Here are some of the new features:
- More plugins and package support
- Use of unique IDs to access open Vim windows
- Support for GTK+3 GUI
- Added timestamps to keep track of recent logs
- Asynchronous I/0 support – ability to communicate with background processes
- Breakindent option – helps to keep the amount of indent when wrapping lines
- Support for timers, jobs, new style testing, closures, partials, etc.
Vim turned 27 years in November of 2018. Over the years, the open source software has remained a favorite for many developers – beginners and experts alike. A recent indication of this is 1st December, 2018 when Vim held a conference in Tokyo, Japan. With the creator Bram Moolenaar headlining the event as a keynote speaker, the conference was completely sold out.
There isn’t any news of an upcoming release. But with an active online community of developers using the software, you can get help for almost any issue with Vim. In fact, at the time of writing this post, there was a Vim-related discussion on GitHub time stamped “3 hours ago”. Goes to show how large and present the community is.
If you’re on the lookout for a new and fresh text editor, Vim isn’t what you need. This free open source software is an old choice when it comes to the history books. But that doesn’t mean it falls short in meeting your coding needs.
On the contrary, despite being in existence for almost 30 years, Vim remains a functional and efficient choice among most developer circles. You’ll hardly miss it in a listicle for top text editors in the market, or in a discussion among developers on GitHub. This is regardless of its charityware status – a feature that would usually lead to questions in terms of quality.
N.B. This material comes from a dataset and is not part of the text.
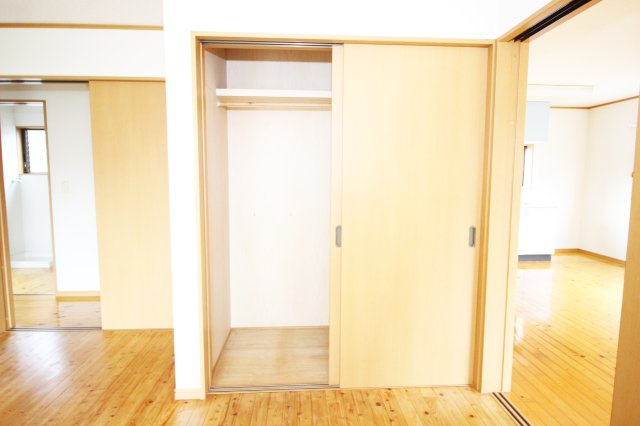 松木邸の収納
And while Vim is a great choice that has even won an award for best text editor by Linux Journal, it’s not the easiest to use. Or at least, not for developers who are just starting out. But it’s nothing to be scared about.
According to a Vim review published on freeCodeCamp on Medium, the difficulty is only a wall that blocks you from all the goodness the software holds. Once you’ve gotten through it, by learning how to use an editor on command line, the ubiquitous side of Vim will begin to show. And this is where you start to shine.
So if you’re yet to try out the software, allow me to summarize what you’re missing out in this long sentence: Vim is free to use, has an active online community, is extensively customizable, designed to work with slow connections hence fast, has a lot of documentation available, and can run on most operating systems. And did I mention it has support for over 200 languages with an option to create your own? Now you know.